Il comune di Ponte Lambro deve la sua crescita ed espansione alla presenza dell’ex Cotonificio di Ponte Lambro. Le vicissitudini dello stabilimento hanno determinato l’evoluzione della comunità e la sua crescita. Nel periodo di massimo splendore del Cotonificio, l’azienda contava – a ridosso degli anni ’50 – ben 1.500 dipendenti, contro una popolazione attuale che stenta a raggiungere le 5.000 unità. Sulle orme del patrimonio dell’umanità UNESCO Crespi d’Adda, l’itinerario progettato per Ponte Lambro intende riscoprire tutte le vecchie destinazioni d’uso degli stabili che compongono oggi il paese, in buona parte rimaste immutate negli anni.

Dalle case degli operai alla residenza della proprietà del Cotonificio, passando per tutte le strutture e le iniziative volute dalla dirigenza per migliorare le condizioni di lavoro e – più in generale – la quotidianità dei dipendenti. Una tradizione tessile – quella di Ponte Lambro – che inizia nel Medioevo e che ripercorre passo passo tutta la storia del comune, segnandone profondamente aspetti economici e urbanistici soprattutto negli ultimi due secoli. Allo sviluppo del tessuto urbano al fianco della parabola di crescita del Cotonificio, Make Como intende sviluppare un’esperienza museale coinvolgente ed esperienziale che ruoti attorno al materiale – il cotone – raccontandolo lungo tutto il suo percorso di trasformazione: dalla pianta al prodotto finito.

GLI INTERVENTI

L’intervento del Comune di Ponte Lambro prevede la realizzazione di un museo interattivo/esperienziale dedicato al cotone ed alla storia dell’ex Cotonificio.

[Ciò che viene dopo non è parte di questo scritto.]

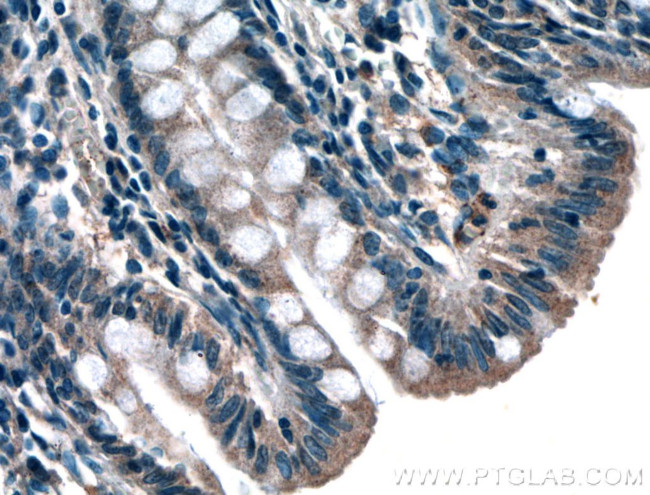 GET4 Antibody in Immunohistochemistry (Paraffin) (IHC (P))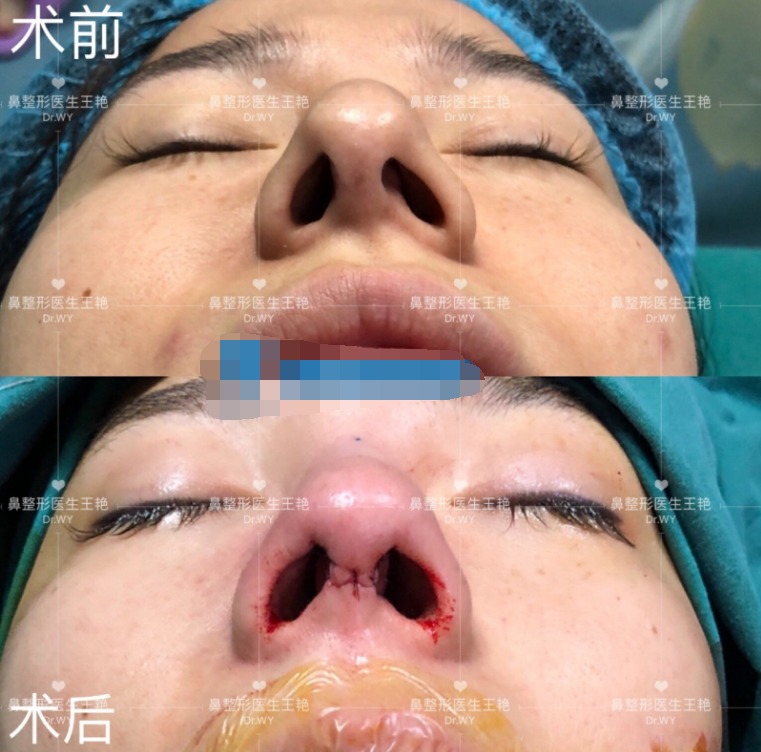 还有一个情况就是假体包膜挛缩,常见于单纯硅胶假体中,在隆鼻手术中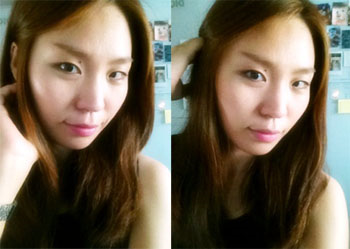치아교정후기6.png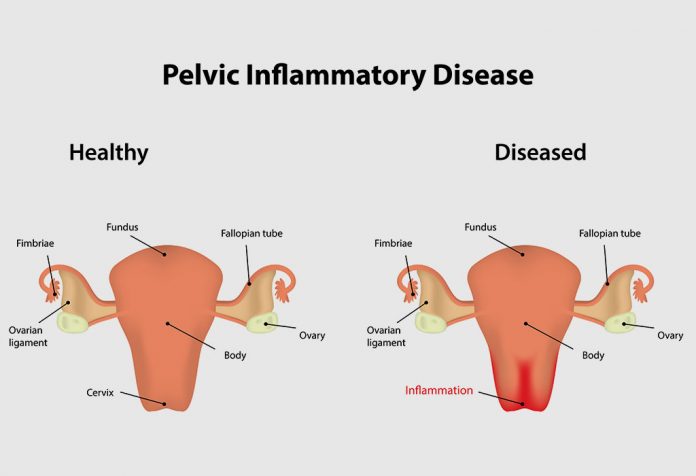 MALADIE INFLAMMATOIRE PELVIENNE 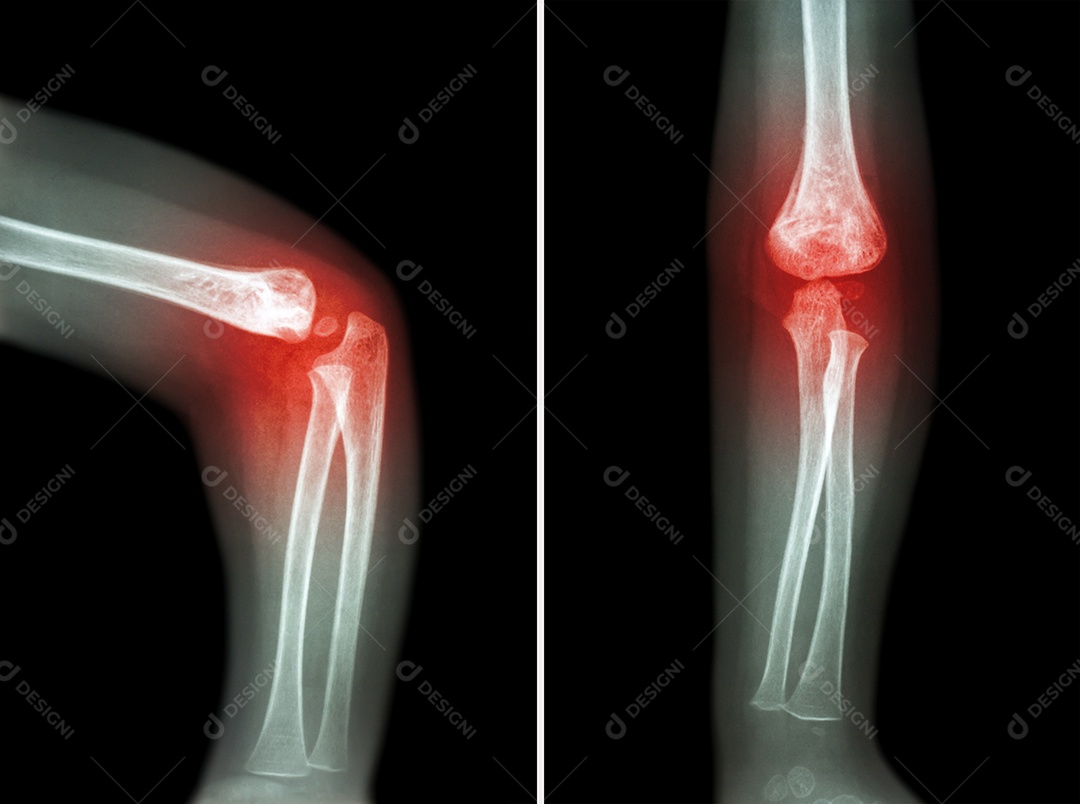 Artrite reumatóide raio x do cotovelo de uma criança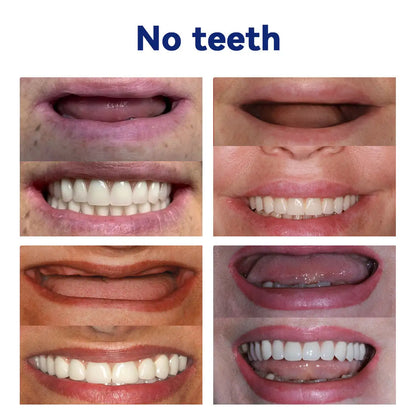 🦷Oveallgo™ 𝑆𝑖𝑙𝑖𝑐𝑜𝑛𝑒 𝐷𝑒𝑛𝑡𝑢𝑟𝑒 𝑅𝑢𝑙𝑒𝑟 𝑆𝑒𝑡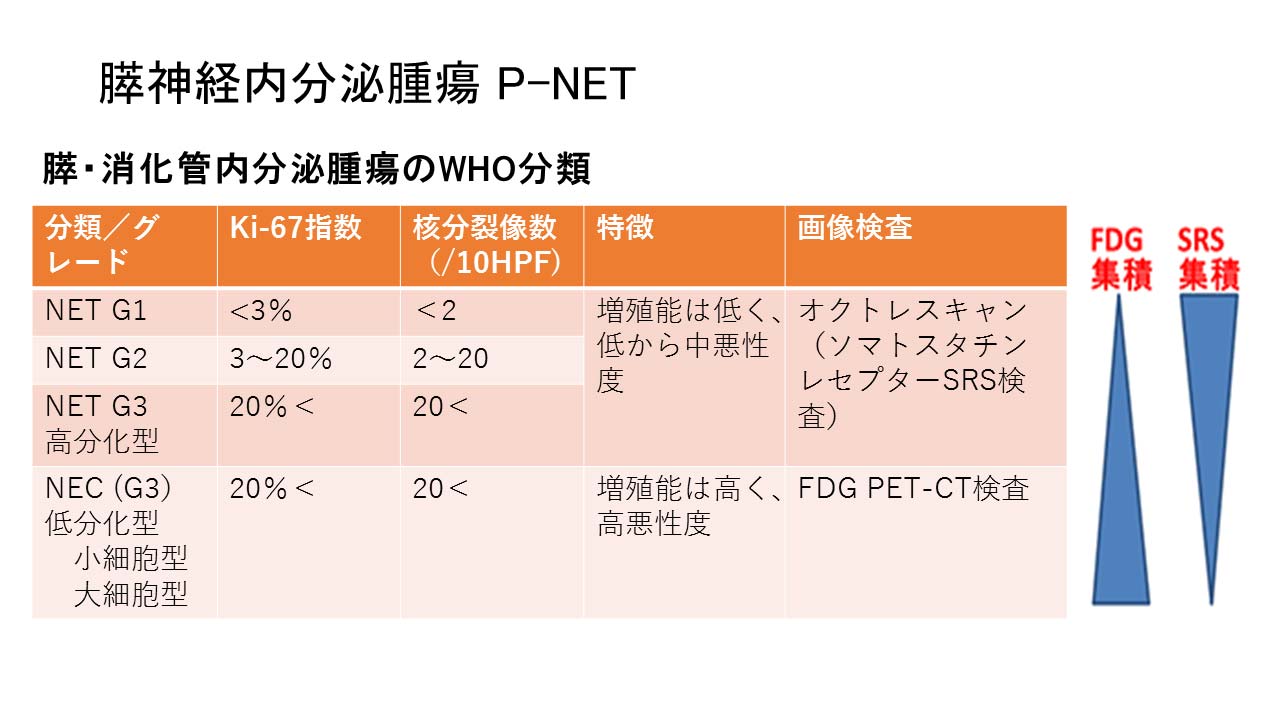 膵神経内分泌腫瘍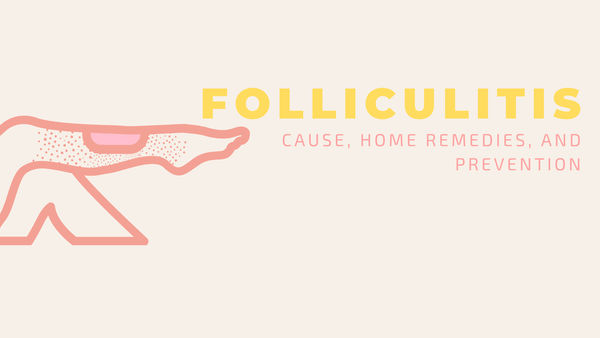 folliculitis cause home remedies and prevention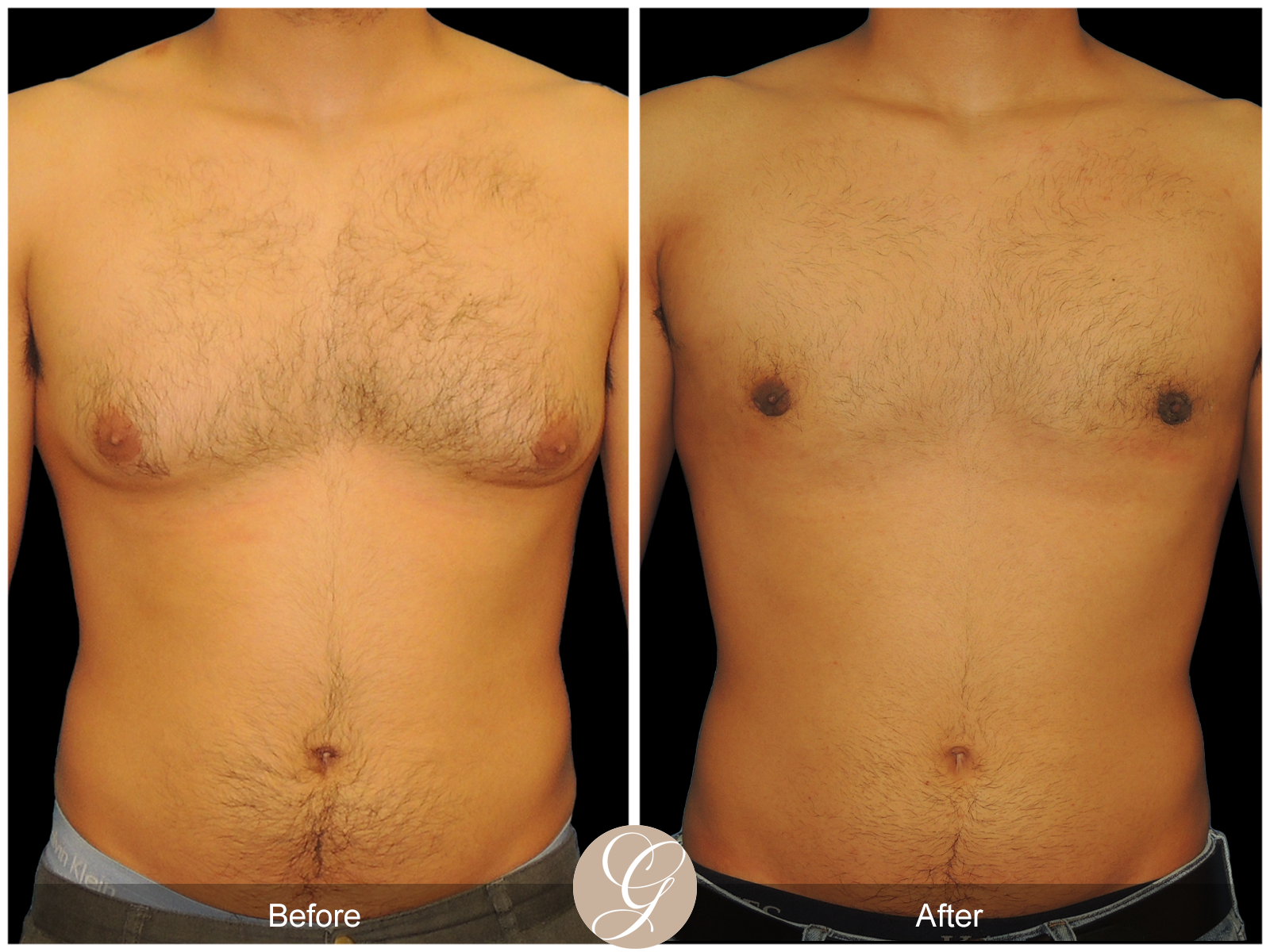 Gynecomastia PT1 Image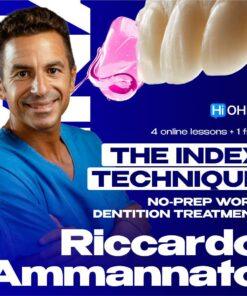 OHI-S - The Index Technique - No Prep Worn Dentition Treatment - Riccardo Ammannato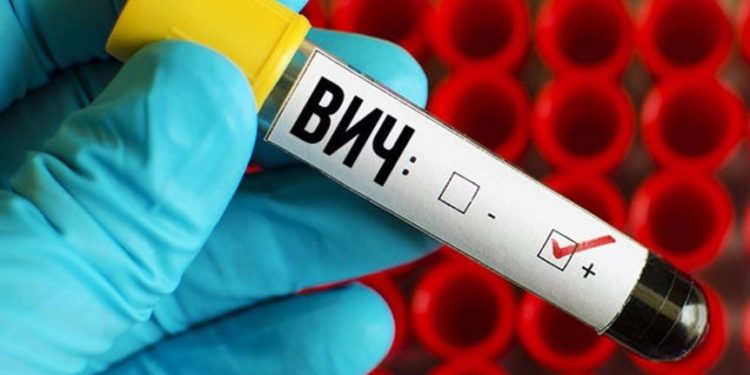 Исследование оценки доступа к профилактике и лечению ВИЧ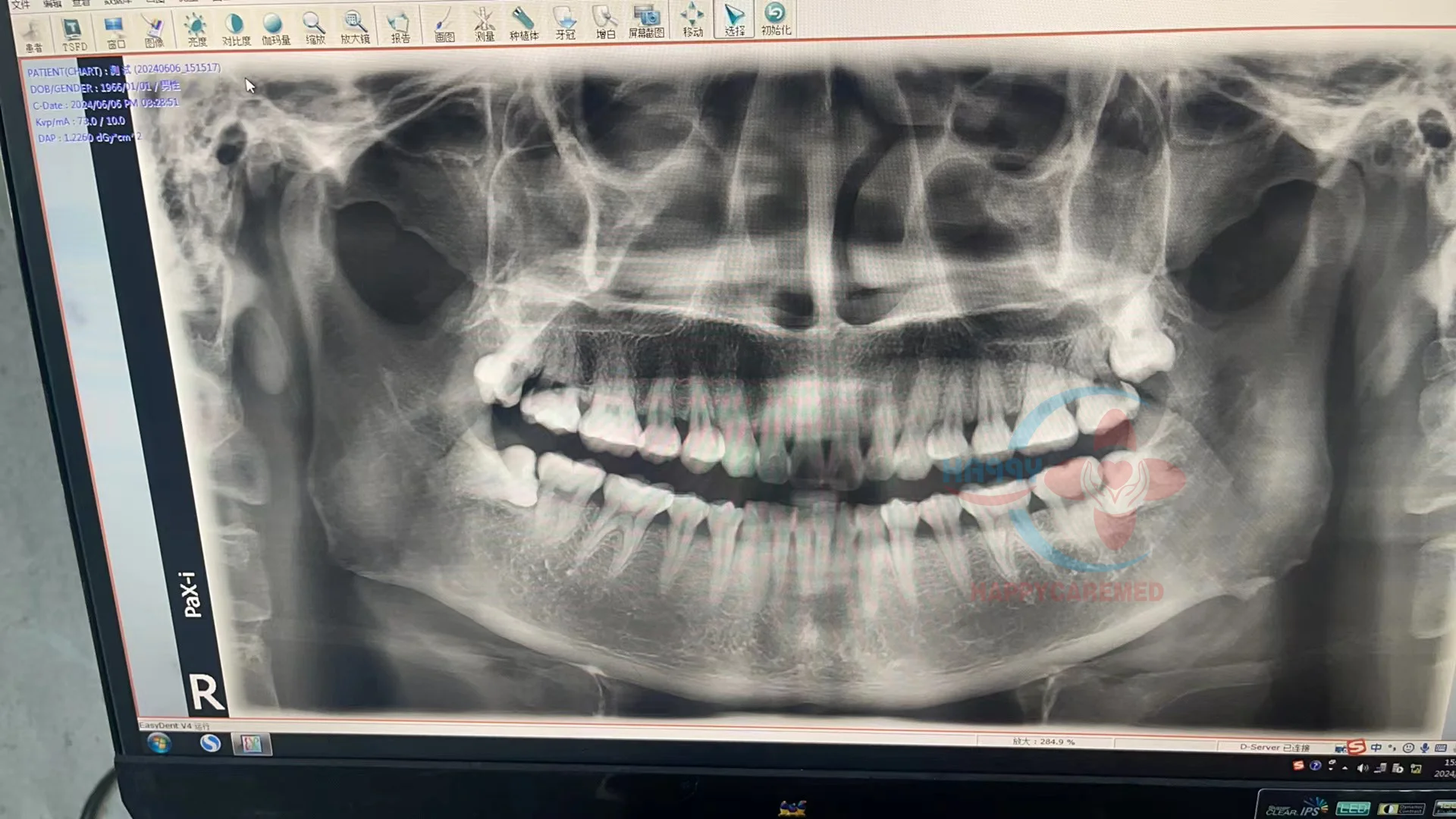 Used   Panoramic Dental  portable x ray machine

Il museo sarà ospitato all’interno di alcune sale collocate al primo piano di Villa Guaita, ex villa di rappresentanza della proprietà del Cotonificio di Ponte Lambro e attualmente proprietà del Comune di Ponte Lambro. All’ingresso dedicato all’accoglienza dei visitatori, segue uno spazio attrezzato e modulabile destinato ad accogliere incontri e conferenze di carattere culturale così come attività laboratoriali e di edutainment progettate per i più piccoli. Due sale contigue ospiteranno il museo interattivo e virtuale riguardante la storia del cotonificio e della società operaia nata e cresciuta attorno ad esso e il percorso esperienziale dedicato al cotone, corredato da esperienze tattili, olfattive, visive e sonore. L’ultimo spazio a disposizione e oggetto di intervento è dedicato alla creazione di una Immersive Room, che aggiungerà una componente emozionale al percorso di visita trasportando il visitatore all’interno della realtà produttiva di un tempo e delle lavorazioni attuali del cotone.

Le azioni specifiche previste dal progetto sono:

  • L’adeguamento degli spazi interni di Villa Guaita
  • La realizzazione di un itinerario diffuso comunale dedicato all’eredità del Cotonificio
  • La realizzazione del Museo del Cotone
  • La realizzazione di una Immersive Room che conduca il visitatore all’interno della realtà dei luoghi produttivi del passato e narri i processi evolutivi dell’azienda così come le fasi produttive della filiera del cotone

Il valore complessivo degli interventi previsti dal progetto e dedicati alla valorizzazione del percorso del cotone collocati sul territorio comunale di Ponte Lambro è pari a € 240.000, a fronte di una quota di cofinanziamento da parte del Comune di Ponte Lambro di € 50.000.